Depuis le début, nous avons toujours pensé que nous devions être fidèles à nos paroles et que nos actions parlaient plus fort que les mots. Et en disant « appliquons ce que nous prêchons », nous avons décidé de collaborer avec d’autres ONG qui organisent également des événements à Biarritz pour promouvoir la préservation des océans, l’éducation à l’environnement, etc. C’est ainsi que nous avons commencé à mutualiser nos ressources et nos efforts avec FestivalLove is Blue un festival de l’océan pour le public basque et bientôt, nous avons initié ensemble le Biarritz Rendez-vous de l’océan de Biarritzune semaine entière consacrée à l’océan et aux écosystèmes côtiers, centrée sur la Journée mondiale de l’océan, le 8 juin de chaque année.

Adopté par la Ville de Biarritz, le Rendez-Vous Océan de Biarritz est désormais une semaine complète d’événements BtoB et BtoC co-organisés avec Waves of Change, Water Family, Surfrider Foundation Europe, Agir à la Source, Océan Sans Frontières, Love is Blue, etc. et encadrés par la Mairie au bénéfice de tous les acteurs et citoyens au sommet de la biosphère.

RDVO

2) The Tideline label, event series and startup challenge.

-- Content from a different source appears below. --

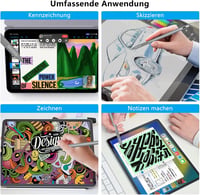 KOKABI Stylus Toll Microsoft Surface Eszközökhöz - 4096 Nyomásérzékenység, Dőlésfelismerés, Tenyértámogatás, Mágneses - Pro/Go/Book/Laptop/S 7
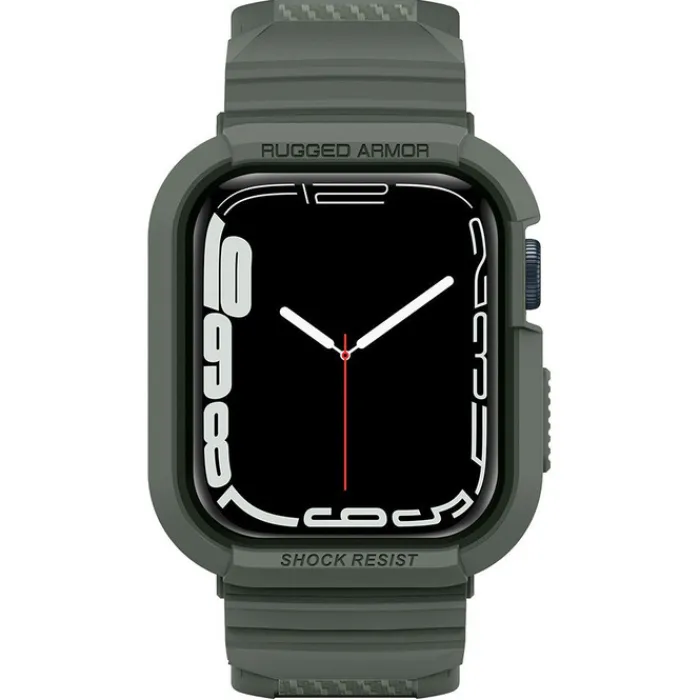 Spigen Apple Watch Se 44Mm|Apple Watch 9 45Mm-Pasek Rugged Armor Pro Apple Watch 9 8 7 6 5 4 SE 2022 45mm 44mm Military Green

Avec la tendance actuelle des technologies vertes, des technologies propres et des start-ups spécialisées dans les technologies océaniques qui proposent chaque jour de nouvelles solutions pour résoudre une variété de problèmes environnementaux, nous savions que nous devions les prendre en compte d’une manière plus intelligente que de simplement les « présenter ».

De plus, nous avons rapidement réalisé que certains types de startups pouvaient avoir un réel impact en servant une cause, tandis que d’autres utilisaient plutôt la cause pour servir leurs intérêts commerciaux. Désireux d’encourager les premières plutôt que les secondes et conscients de leur vulnérabilité, nous avons décidé, avec la Banque publique d’investissement française Bpifrance , de créer un label qui récompenserait non pas la technologie ou la performance financière comme le font beaucoup d’autres labels, mais un potentiel de collaboration.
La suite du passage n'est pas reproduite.